*Your assignment*.
The answer is the data below, repeated exactly, with no pictures included.

*Records for processing*.
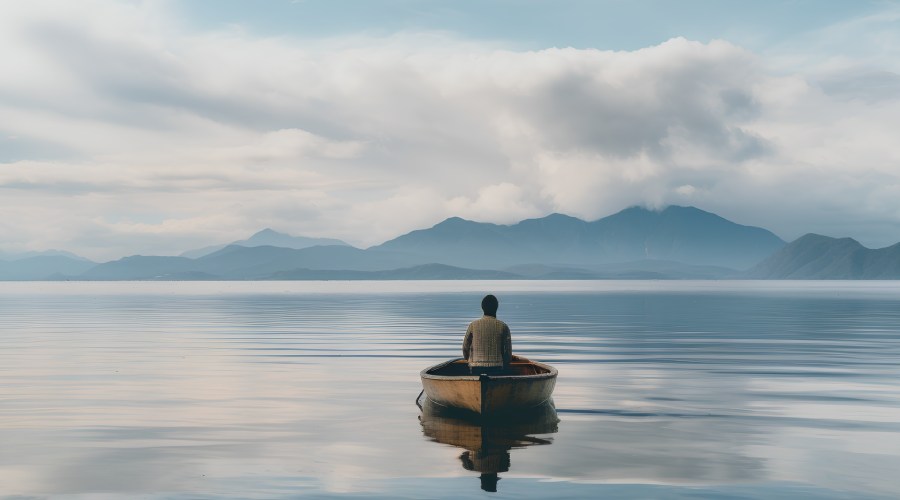 Men at sea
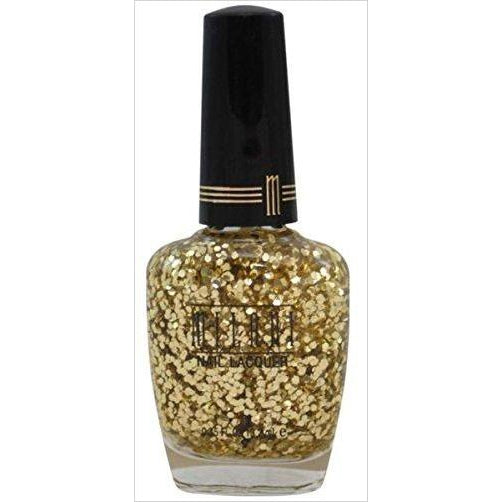 Gold Flakes Nail Lacquer - Gifteee. Find cool & unique gifts for men, women and kids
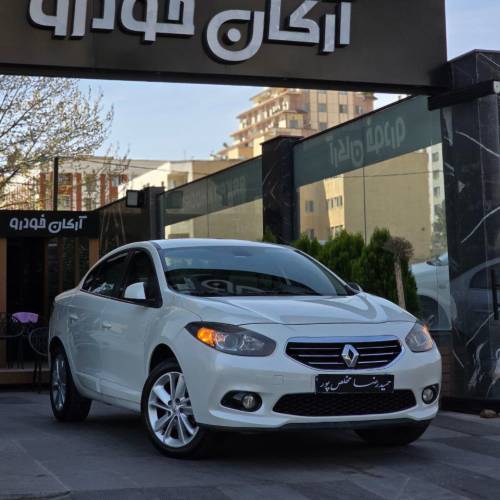 رنو فلوئنس مدل 2014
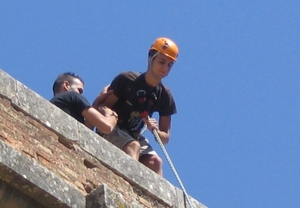 Puenting con agarre a la cintura desde 30m. para 2 en Ronda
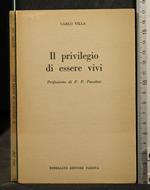 Il Privilegio di Essere Vivi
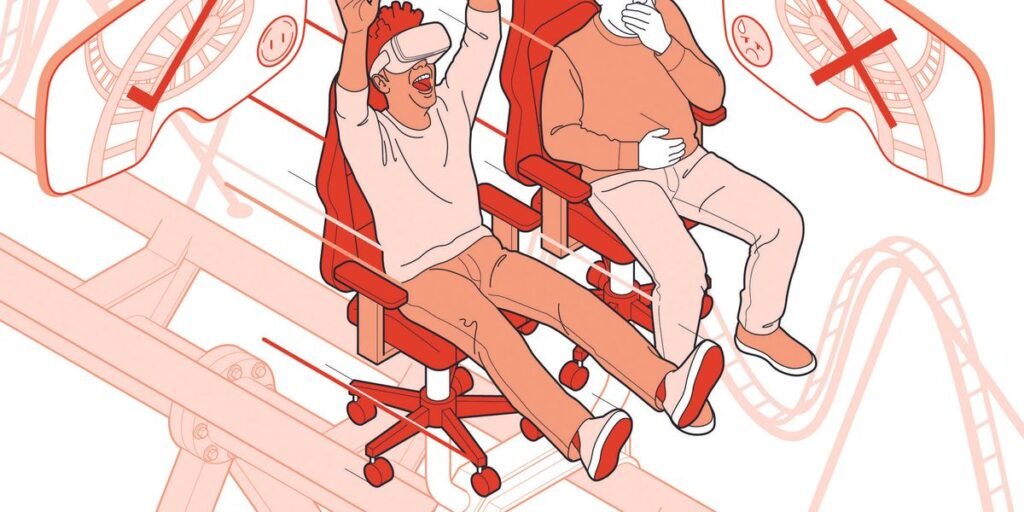 ماجستير VR: الصخور الذاتية للحد من المرض ماجستير VR: الصخور الذاتية للحد من المرض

*Solution for this task*.
 Men at sea
 Gold Flakes Nail Lacquer - Gifteee. Find cool & unique gifts for men, women and kids
 رنو فلوئنس مدل 2014
 Puenting con agarre a la cintura desde 30m. para 2 en Ronda
 Il Privilegio di Essere Vivi
 ماجستير VR: الصخور الذاتية للحد من المرض ماجستير VR: الصخور الذاتية للحد من المرض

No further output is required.